Inizialmente non ero certo di voler scrivere un libro, poi con il tempo ho capito quanto fosse importante. Riuscire a farlo non è stato semplice, perché i temi trattati sono molto scottanti. Inizialmente, infatti, avevo chiuso un accordo con un editore per la pubblicazione, ma poi alla fine si sono tirati indietro. Poi ho trovato questo editore che ha creduto in me ed ora c’è il libro”.
Il ragazzo di Civitavecchia svela la sua verità, racconta le difficoltà dei primi anni e non solo nelle aule di tribunale:
“Oltre un lavoro, per me il calcio era soprattutto una passione e ne sono stato privato. E’ stato molto difficile nei primi due anni. Il mio è stato soprattutto un processo mediatico e quello che scrivo nel libro è tutto attestato dalle carte ufficiali, rispetto a quanto detto dai media. Già il fatto che l’udienza a Cremona sia iniziata dopo 5 anni lascia perplessi. Le altre inchieste sono tutte terminate, l’unica ferma è proprio quella di Cremona. Sono arrabbiato per la mia situazione personale, perché non ho fatto nulla e sono squalificato. Poi vedi invece Conte, Mauri ed altri che continuano la loro carriera. Mauri ha gli stessi miei capi di accusa e sta giocando a calcio. A Cremona deve iniziare ancora tutto, c’è l’udienza preliminare e la mia situazione rispetto a quella di 5 anni fa è cambiata. Lo stesso PM ha contattato il mio avvocato, confermando che con un patteggiamento mi sarebbe dato un anno ed in passato fu confidato che su Paoloni si erano sbagliati da molti punti di vista. Il processo è stato soprattutto mediatico, sono stato dipinto quasi come un boss. Racconto tutto nel libro”.

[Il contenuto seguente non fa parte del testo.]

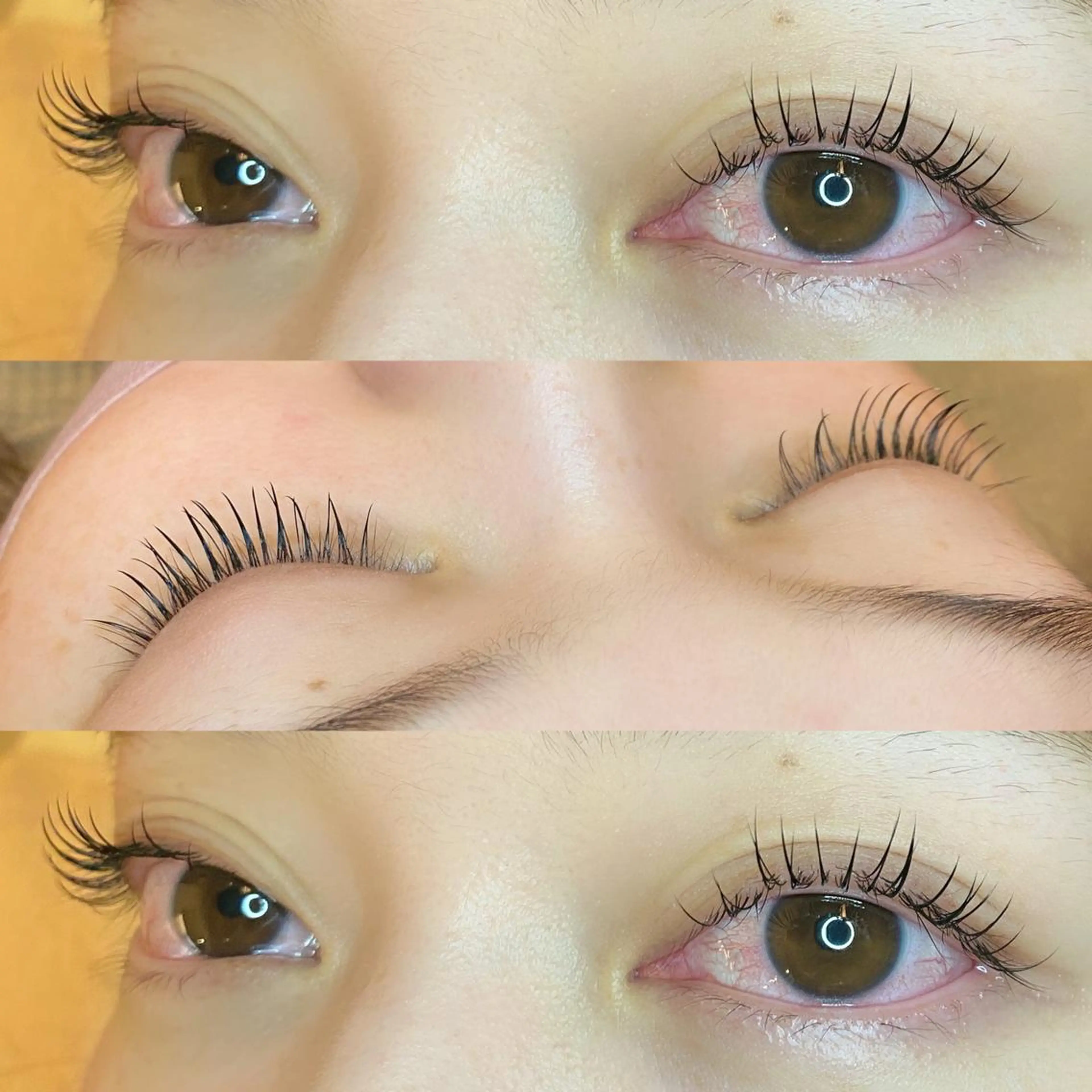 マツエク・マツパ フラットラッシュ miiia lash所属・miiia lashのマツエク・マツパデザイン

C’è l’ha contro il sistema calcio, quello con il quale non è disposto a scendere a compromessi, ce l’ha con il sistema giudiziario italiano tutto. Parte dai suoi errori, dal vizio del gioco, diventato dipendenza “che mi stava logorando mentalmente”. Racconta delle persone che ha incontrato, di quello che ha puntato ma di quanto il suo “vizio” non abbia influenzato il suo rendimento in campo: “Penso che quello che ho fatto nel rettangolo verde basti a svelare la verità. Purtroppo ho conosciuto delle persone che mi hanno avvicinato alle scommesse, anche se ho giocato tanto per basket, hockey o tennis. Il calcio lo giocavo pochissimo e comunque non scommettevo sulla mia squadra, al massimo le partite di Champions. Il gioco è un vizio che ti logora mentalmente ed è stato difficile uscirne, ma l’ho eliminato perché mi ha distrutto una vita”.
Non è sceso a compromessi, dice lui, e parla di “ricatti” anche fuori dal giro delle scommesse. Ritiene di essere cambiato, probabilmente, dal gioco non ne sarebbe venuto fuori se non fosse accaduto tutto questo. A chi gli chiede, infatti, di essersi pentito si non essersi pentito, lui risponde così: “In alcuni casi sì, perché avrei voglia di tornare a giocare, ma vado fiero di quello che ho detto. Sono uscito da un circolo di ricatti, ma ne sono entrato in altri. Se non avessi detto quello che loro volevano mi avrebbero tagliato le gambe e quella è una minaccia. Avrei preso meno squalifica, ma se tornerò a giocare così tornerò da innocente, ho scelto questa strada perché era quella giusta e sono orgoglioso di questo. Se un giorno ci sarà giustizia, giocherò a testa alta se il fisico lo permette”.
Spiega la scelta di tornare a Benevento, una piazza che ha sempre dimostrato affetto ad uno dei migliori portieri che ha vestito la casacca giallorossa: “Dopo l’esperienza di Cremona quando sono arrivato a Benevento mi sono sentito in una piazza di Serie A, è una città unica anche per come si vive il calcio.I tifosi mi hanno dimostrato tantissimo affetto e per me è un dovere essere qui a metterci la faccia. Ringrazio tutti i beneventani per quello che hanno fatto nel periodo più difficile della mia vita, li ho sentiti vicini”.
Lui volta pagina, confessa con gli occhi lucidi di aver rinunciato al sogno di tornare a giocare al termine della squalifica. “A parte il fisico non c’è più la testa quando subisci un’ingiustizia del genere”. Il calcio però Marco non lo abbandona ed adesso allena una squadra giovanile a Tarquinia: “non pensavo che un’esperienza del genere potesse dare così tanto”.
Chiude con un saluto a tutti i tifosi giallorossi: “Col calcio ho chiuso, ma con Benevento resta un amore platonico e non sono mai riuscito a fare a meno di seguirlo. Meritano la Serie B, una categoria che sta anche stretta ad una piazza del genere. Ringrazio Vigorito, è stata una persona molto importante per me”.